Wednesday, January 6, 2010

How To Fix The Bowls


30 years ago, when I was a small human, college bowl season was the most wonderful time of the year. I would get a large poster board, list all 15 bowl games (complete with team logos and stadium information), and hang it on my bedroom wall. I would then watch each and every game, filling in the final scores on my big board. New Year's Day was the crescendo. Four big games--Rose, Cotton, Orange and Sugar. Afterwards, I would be spent, but happy.

Today? Like most sports fans, I couldn't care any less about the bowls, save for the BCS National Championship game. Today we have 34 bowl games. One matters. 33 games that nobody cares about. And, beginning on December 19th, the bowls come at us thick and fast in no particular order of importance. The GMAC Bowl sandwiched between the Orange and BCS Title game? The Alamo Bowl AFTER New Year's Day? The Gator Bowl ON New Year's Day? Are they just TRYING to piss us off at this point?

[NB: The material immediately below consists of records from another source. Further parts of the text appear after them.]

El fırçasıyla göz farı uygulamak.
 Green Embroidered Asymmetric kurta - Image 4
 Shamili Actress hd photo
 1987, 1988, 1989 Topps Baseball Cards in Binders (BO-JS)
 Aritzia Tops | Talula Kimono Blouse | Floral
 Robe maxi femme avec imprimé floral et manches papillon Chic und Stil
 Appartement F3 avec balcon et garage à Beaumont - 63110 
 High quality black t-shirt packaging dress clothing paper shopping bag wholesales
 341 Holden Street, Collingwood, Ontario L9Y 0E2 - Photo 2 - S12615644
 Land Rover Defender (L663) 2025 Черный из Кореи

Bonus points if you know where the Emerald Bowl, EagleBank Bowl or International Bowl are played. Bigger bonus points if you can name the teams that played in them. 34 bowl games means we have 68 of the 119 division one football teams being rewarded with postseason play. 60 percent of the teams go to a bowl game. If we were to invite the same percentage of teams to the NCAA postseason basketball tournament, it would go from a field of 64 to a field of 200! We are to the point where some teams exit their bowl game with a losing record. Why would a .500 team be invited to a bowl game? Why would a team that lost as many as it won deserve a reward?

The single worst term in sports today is "bowl eligible". What does that mean? That you went .500? It means even less now that teams don't have to have at least 6 wins over division one teams. That's right, you can schedule as many games as you can against The School For The Blind and those wins (if you can beat TSFTB) count toward being 'bowl eligible'. Simply ridiculous. If I were a coach or athletic director of a team that was 6-6, I would never, ever accept a bowl bid. It's humiliating.

HOW TO FIX IT

I present to you my five step program to fix the bowl games--to restore interest and credibility to college football's postseason:

Step One: No Bowls. 16 team college playoff. It will never happen.

Step Two: Since Step One will never happened, we cut the number of bowls from 34 to 15. In 1979, we had 15 bowls. Perfect. Not too many, but enough to make the schedule seem full. No trash teams. No .500 teams.

Step Three: Return to playing the games in order of importance. Bring back meaning and prestige to playing on New Year's Day. Don't play the PapaJohns.com Bowl after the Rose Bowl! Spare bowls early, big bowls late. Simple.

Step Four: Since the NCAA will ignore Steps One, Two and Three, let's at least eliminate all 6-6 teams. If you are 6-6, you are the epitome of mediocre. You have no business in the postseason. Go back to practice and work harder on becoming a winner who deserves something.

Step Five: Since the NCAA will ignore Steps One, Two, Three and Four, I introduce my most radical thought. If you are a 6-6 team and you are invited to a bowl game, you may accept the bid. However, if you lose your bowl game, you will not be eligible for a bowl game the following season, no matter what your record. It will make coaches and athletic directors think twice about rewarding mediocrity. Can you imagine the embarrassment of accepting a bowl bid at 6-6, losing that bowl, then going 12-0 the next season and not being able to play in a big BCS bowl?

THE FUTURE

I realize my plan has zero chance. It makes too much sense. I love college football, but my love is fading more and more each season. The NCAA is the single most screwed up entity in sports. The messy bowl system is just a small part of their problems.

The NCAA is actually considering adding a few more bowls. Ludicrous. How far are we from seeing 118 division one teams (not all 119--that would be silly) invited to a bowl? You laugh, but if the NCAA approves 5 more bowl games, we will be near 80 teams going to bowls. 80. Out of 119. Unreal. The NCAA has effectively taken all of the meaning and prestige out of playing in a bowl game. It means nothing.

It all falls in line with the trend in America these days. Reward the winners AND the losers. Everyone in the race gets a ribbon--the top three, the middle three, and the bottom three. It teaches nothing. No reason to try harder, little Jimmy who finished in 9th place--here's a ribbon! No reason to try harder, Texas A&M--you went .500, so here is a bowl bid!

Bear Bryant is rolling over in his grave. And my eyes are rolling into the back of my head as I try to stomach Idaho vs Bowling Green in the Roady's Humanitarian Bowl.